The Big Bend Fossil Discovery Exhibit is yet another manifestation of the typology, but situated in a particularly extreme environment—the Chihuahuan Desert. The passively cooled, weathering steel structure rises on piers within a breathtakingly vast landscape of hardscrabble rock, lechuguilla and ocotillo plants, and distant mountain ridges. The exhibit educates visitors on prehistoric life while directing their attention to the harsh landscape where the fossils were discovered. Again, the roof, here a butterfly shape, channels what rainwater does fall into a cistern for reuse.
In terms of design language, Confluence Park, Lake|Flato’s latest eco-conservationist project, rewrites this script. A few miles south of downtown San Antonio, sited along the Mission Reach portion of the San Antonio River, which meets San Pedro Creek, Confluence Park is a jewel of a public space, smaller and less experientially dramatic than its predecessors but with the same aims. Lake|Flato conceived the 3.5-acre park with certain collaborators in mind: The San Francisco interdisciplinary design studio Matsys and the Austin-based Architectural Engineers Collaborative designed the voluptuous concrete pavilions; and landscape architecture firm Rialto Studio devised the brick-and-gravel parking spaces and the diverse planting scheme, representing the five ecoregions of South Texas.
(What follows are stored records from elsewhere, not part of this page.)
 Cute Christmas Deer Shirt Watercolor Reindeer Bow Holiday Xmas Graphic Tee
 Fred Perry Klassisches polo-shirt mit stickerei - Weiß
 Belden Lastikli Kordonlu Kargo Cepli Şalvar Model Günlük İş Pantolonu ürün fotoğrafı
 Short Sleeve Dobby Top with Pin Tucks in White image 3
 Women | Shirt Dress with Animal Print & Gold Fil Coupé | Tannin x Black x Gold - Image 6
For its part, Lake|Flato executed the general-purpose building, used primarily for classes.
“We’re calling it a park, but there are no swing sets, no soccer fields, or anything like that,” says Andrew Kudless of Matsys. “The primary users are elementary- and middle-school students, park rangers, and teachers, teaching about the ecology of the San Antonio River watershed.”
A 130,000-gallon catchment basin keeps stormwater on-site, where it is used for irrigation and toilet flushing. But the park’s stated didactic function—to illustrate concepts of stormwater and energy management—is handled by the pavilion structures, whose double-curved concrete “petals” were formed specifically to collect and funnel rain into drains that feed into the basin.
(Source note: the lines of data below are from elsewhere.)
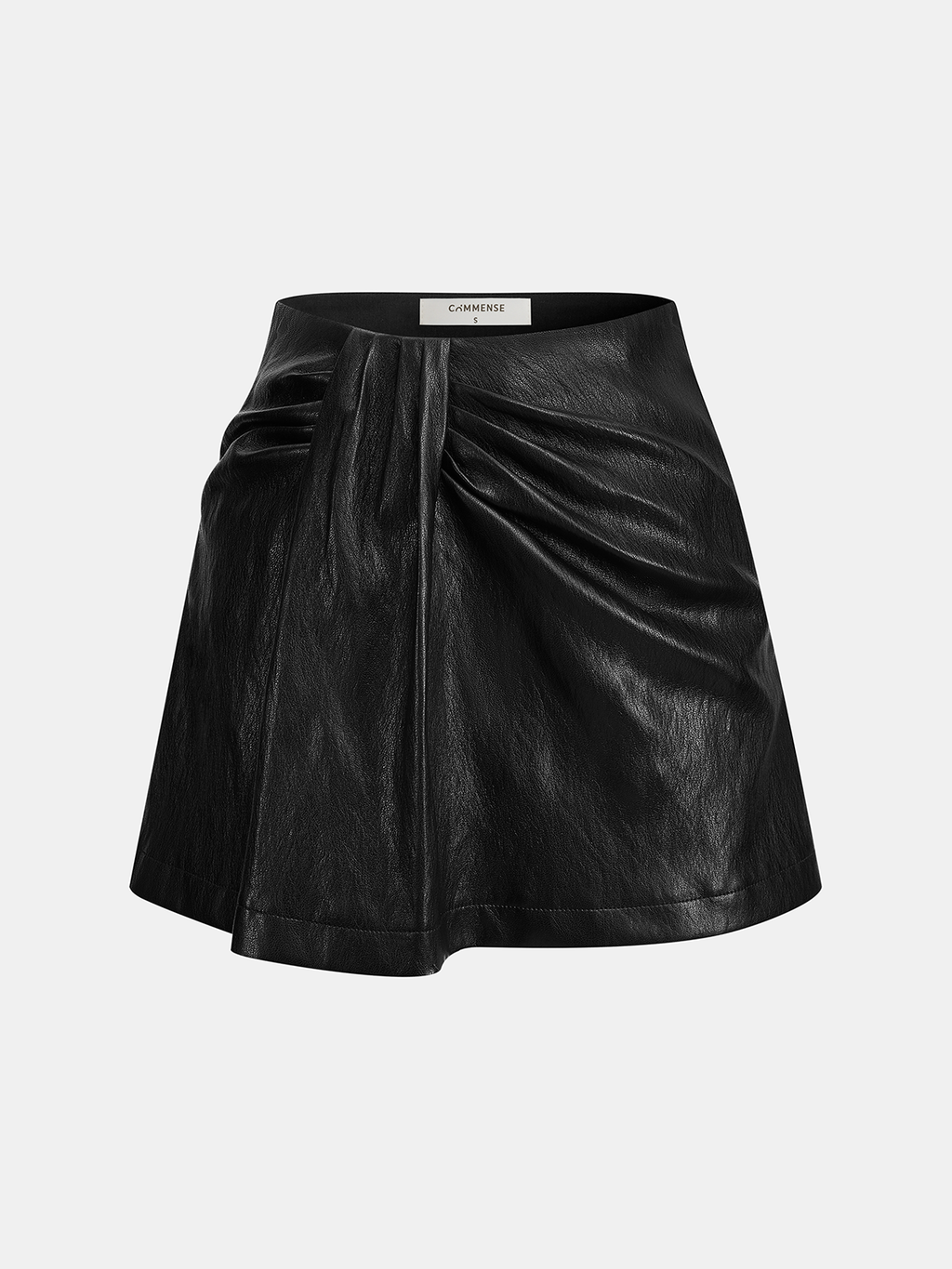 Faux Leather Ruched Mini Skort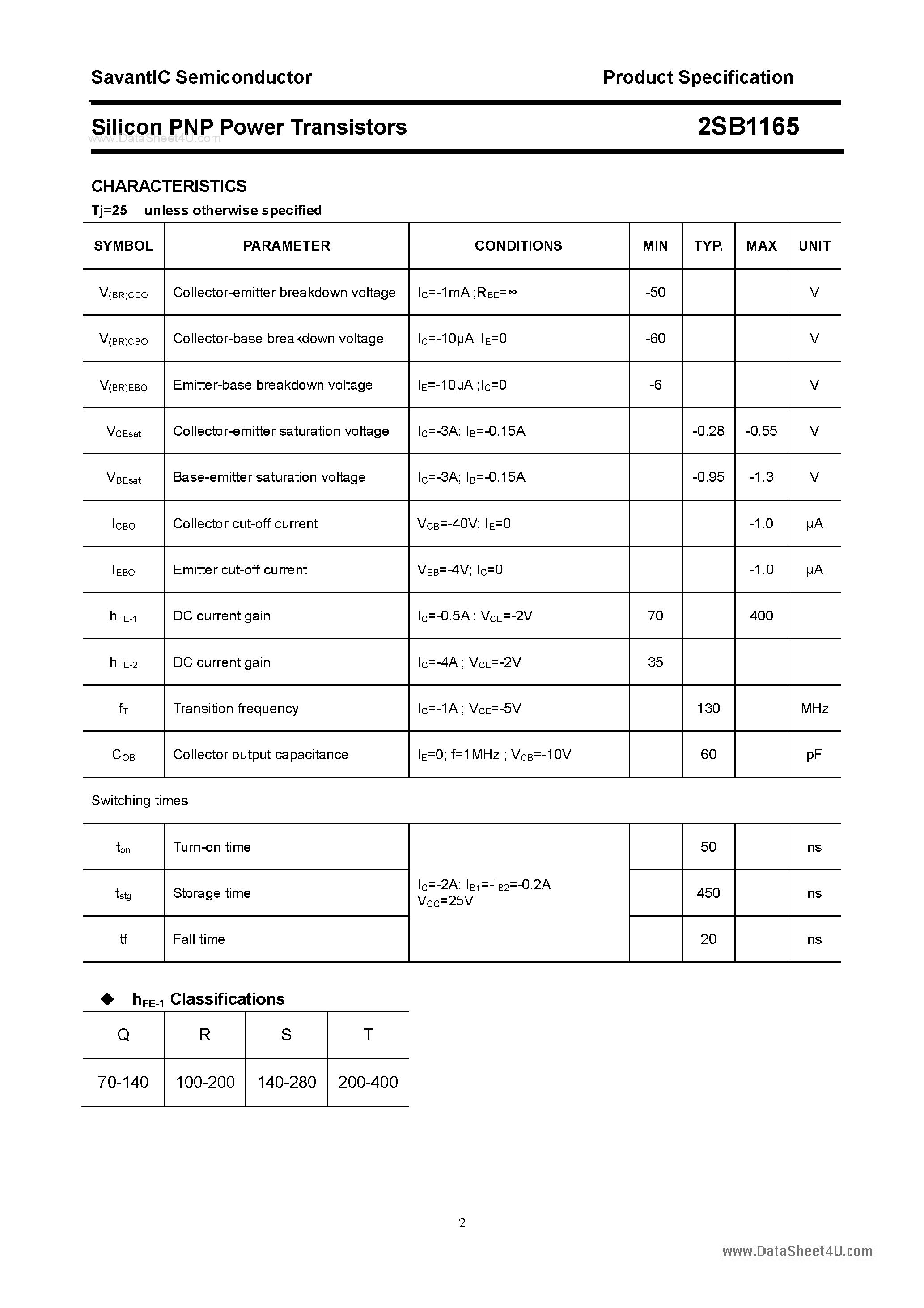 Datasheet 2SB1165 - SILICON POWER TRANSISTOR page 2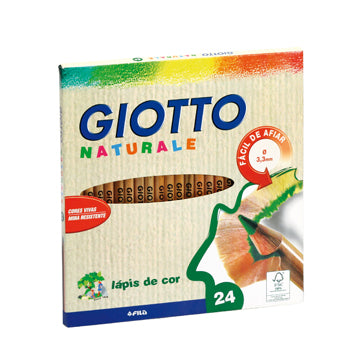 Lápis de Cor Giotto 24 unidades em caixa de papelão natural, 18cm, com cores variadas, ideal para desenhos e artes.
The low-slung multipurpose annex, meanwhile, contrasts with the pavilions formally and texturally, though its ecological mission is evident enough. “There’s not a curve in it,” says Lake|Flato’s Tenna Florian, who shared project lead with Harris. “It’s rough board-formed concrete with a sod roof on top and enough solar panels to power the entire thing.” The net-zero building’s thermal mass and ventilation strategies are enough that on most days it can be passively cooled.
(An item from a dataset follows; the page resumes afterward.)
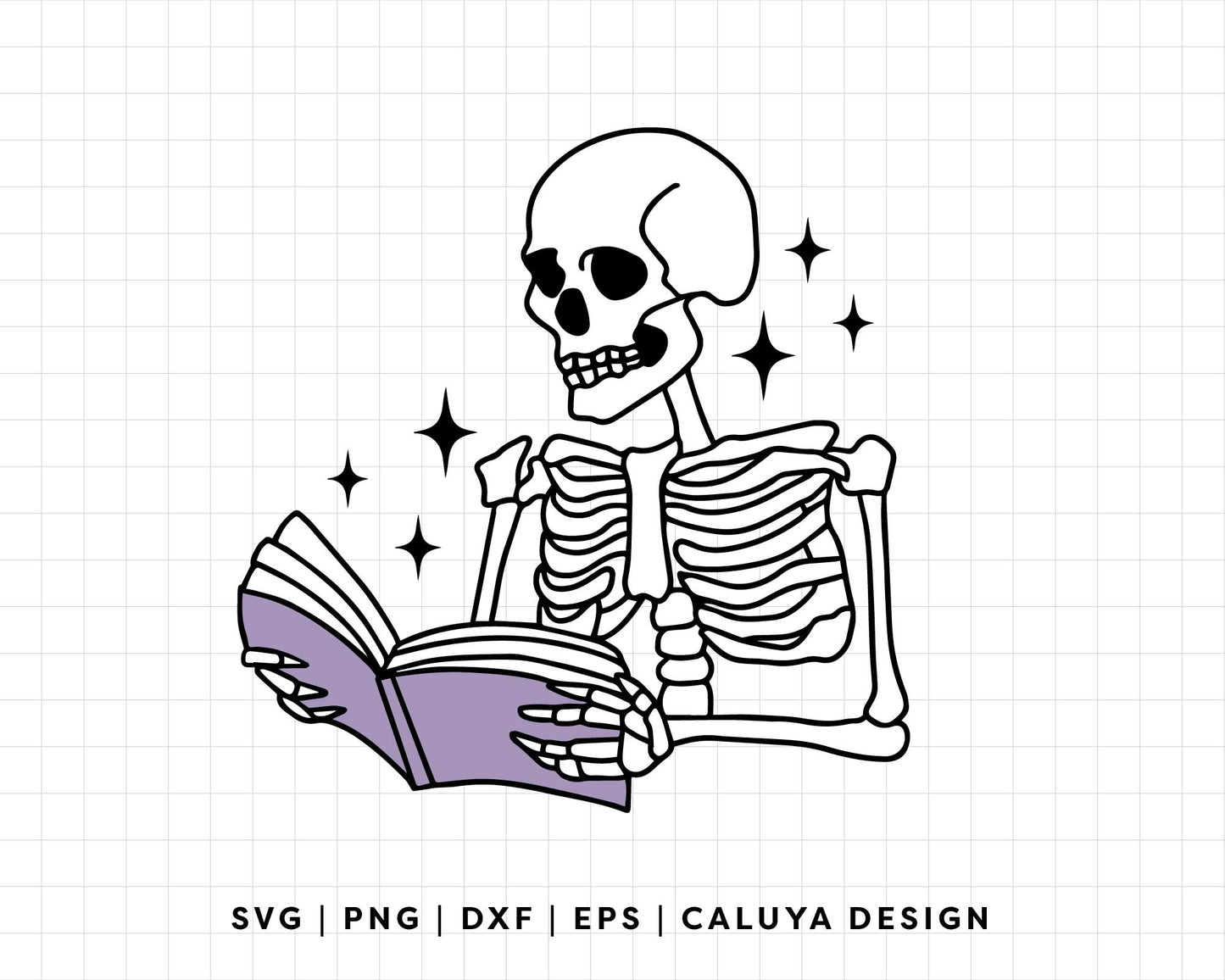 FREE Skeleton With Book SVG | Halloween Book SVG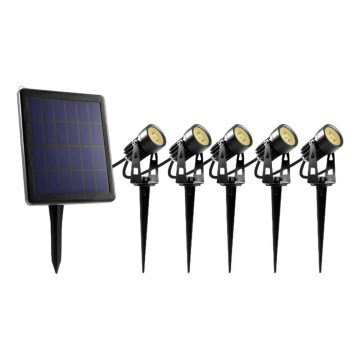 SET 5x LED Outdoor lamp with a solar panel LED/4000 mAh IP44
The completion of Confluence Park (which just won a National Honor Award from the AIA) is part of a wider effort in urban Texas to remediate the adverse effects of 20th-century engineering projects, which channelized waterways and sapped the life from them. For Lake|Flato more specifically, it points toward new directions for its “talking architecture” of eco-conservation, where built form and natural phenomena intertwine to tell one story, says Harris. Ecology, economics, history, and the elements “all come together in a confluence to find results that are inspiring and loved, and therefore long-lived and cherished.”